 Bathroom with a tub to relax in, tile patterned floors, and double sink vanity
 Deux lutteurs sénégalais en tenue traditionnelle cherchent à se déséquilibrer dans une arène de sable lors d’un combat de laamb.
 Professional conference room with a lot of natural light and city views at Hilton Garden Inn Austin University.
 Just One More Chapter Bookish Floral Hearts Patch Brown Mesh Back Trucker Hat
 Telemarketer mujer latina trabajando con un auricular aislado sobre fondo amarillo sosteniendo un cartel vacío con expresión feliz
--------------------
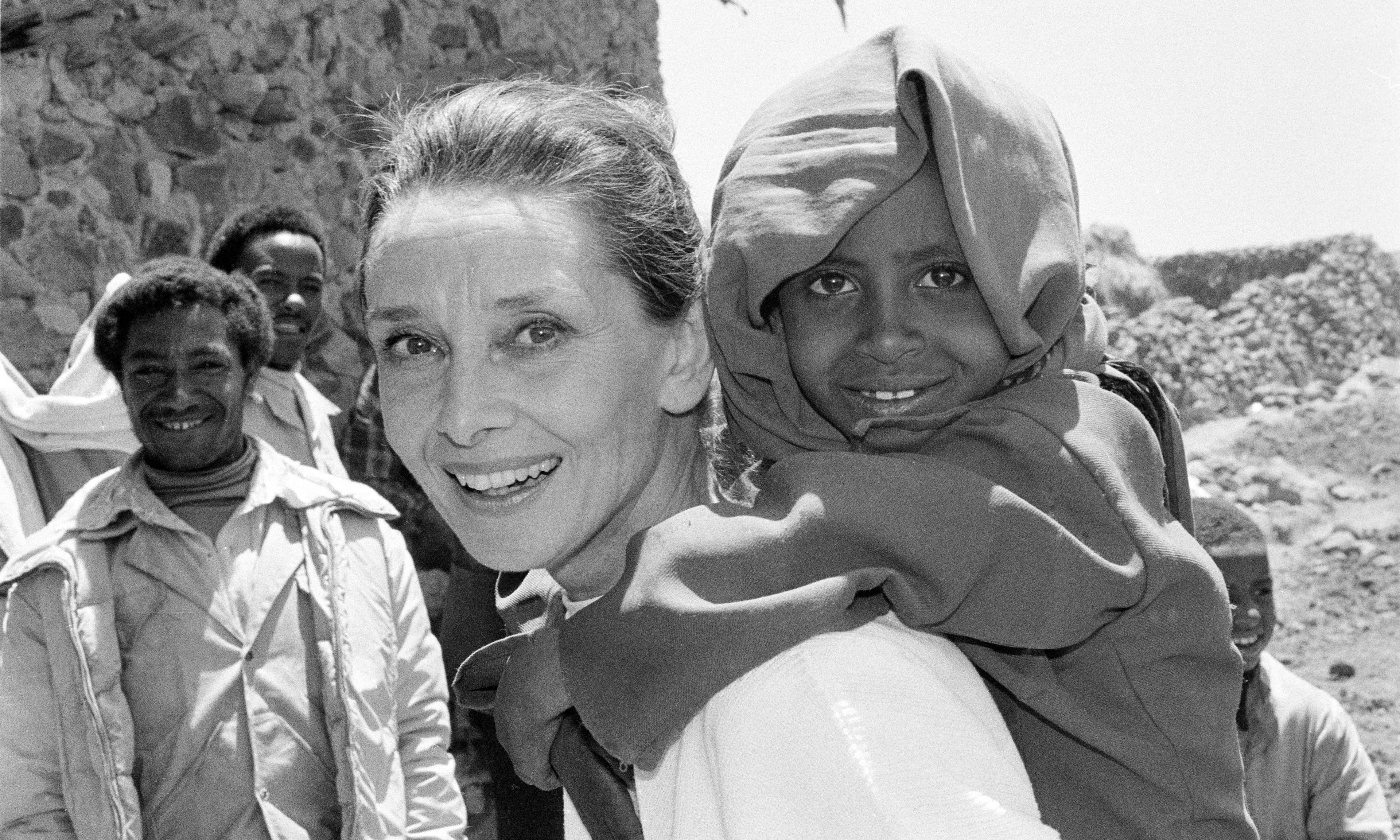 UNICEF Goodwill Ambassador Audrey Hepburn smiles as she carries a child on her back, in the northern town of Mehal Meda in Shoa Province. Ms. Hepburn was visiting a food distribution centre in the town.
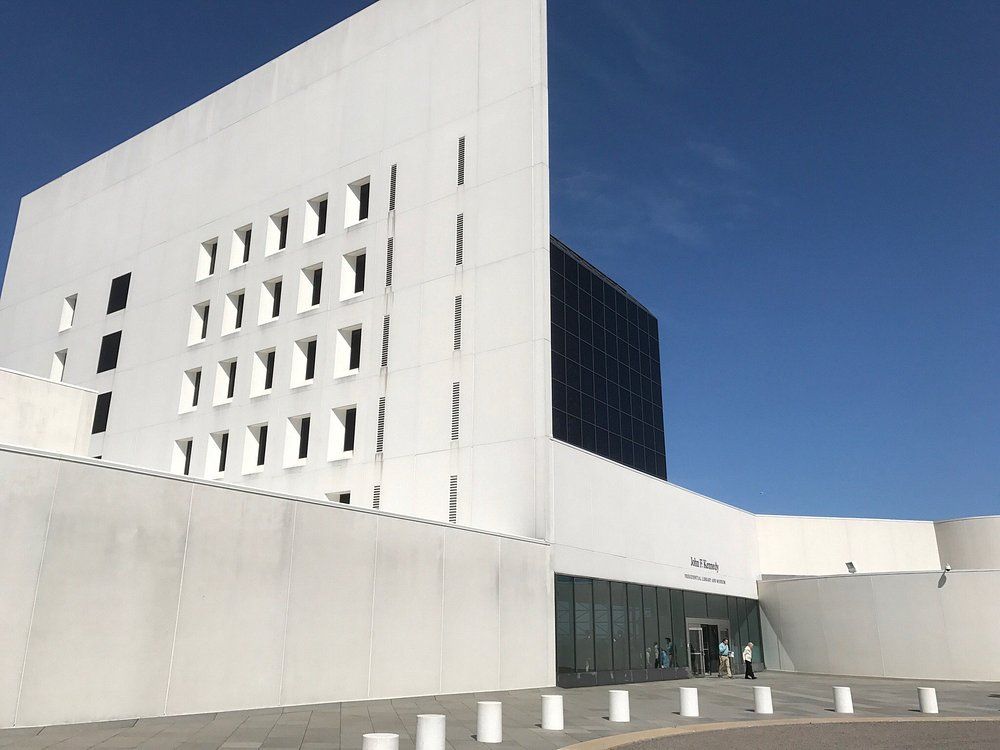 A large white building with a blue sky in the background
--------------------
#### [What you will do]
Among the entries above, find the line with "Professional conference room" and the line with "Telemarketer mujer latina"; give again exactly these two lines and all lines between them.

#### [Answer section]
 Professional conference room with a lot of natural light and city views at Hilton Garden Inn Austin University.
 Just One More Chapter Bookish Floral Hearts Patch Brown Mesh Back Trucker Hat
 Telemarketer mujer latina trabajando con un auricular aislado sobre fondo amarillo sosteniendo un cartel vacío con expresión feliz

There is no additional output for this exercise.